I guess some of you expected a blog entry about the
generational GC in Mono, given the title. From my
understanding many have the expectation that the new GC will
solve all the issues they think are caused by the GC so they
await with trepidation.
As a matter of fact, from my debugging of all or almost all
those issues, the existing GC is not the culprit. Sometimes
there is an unmanaged leak, sometimes a managed or unmanaged
excessive retention of objects, but basically 80% of those
issues that get attributed to the GC are not GC issues at
all.
So, instead of waiting for the holy grail, provide test
cases or as much data as you can for the bugs you
experience, because chances are that the bug can be fixed
relatively easily without waiting for the new GC to
stabilize and get deployed.
Now, this is not to say that the new GC won't bring great
improvements, but that those improvements are mainly in
allocation speed and mean pause time, both of which, while
measurable, are not bugs per-se and so are not part of the
few issues that people hit with the current Boehm-GC based
implementation.
After the long introduction, let's go to the purpose of this entry: svn Mono now can perform an object allocation entirely in managed code. Let me explain why this is significant.
The Mono runtime (including the GC) is written in C code and
this is called unmanaged code as opposed to managed code
which is all the code that gets JITted from IL opcodes.

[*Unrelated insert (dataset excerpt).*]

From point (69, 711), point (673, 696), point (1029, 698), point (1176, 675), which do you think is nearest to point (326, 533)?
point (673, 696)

The JIT and the runtime cooperate so that managed code is
compiled in a way that lets the runtime inspect it, inject
exceptions, unwind the stack and so on. The unmanaged code,
on the other hand, is compiled by the C compiler and on most
systems and architectures, there is no info available on it
that would allow the same operations. For this reason,
whenever a program needs to make a transition from managed
code to unmanaged (for example for an internal call
implementation or for calling into the GC) the runtime needs
to perform some additional bookeeping, which can be relatively
expensive, especially if the amount of code to execute in
unmanaged land is tiny.
Since a while we have made use of the Boehm GC's ability to
allocate objects in a thread-local fast-path, but we
couldn't take the full benefit of it because the cost of the
managed to unmanaged and back transition was bigger than the
allocation cost itself.
Now the runtime can create a managed method that performs
the allocation fast-path entirely in managed code, avoiding
the cost of the transition in most cases. This
infrastructure will be also used for the generational GC
where it will be more important: the allocation fast-path
sequence there is 4-5 instructions vs the dozen or more of
the Boehm GC thread local alloc.
As for actual numbers, a benchmark that repeatedly allocates small objects is now more than 20% faster overall (overall includes the time spent collecting the garbage objects, the actual allocation speed increase is much bigger).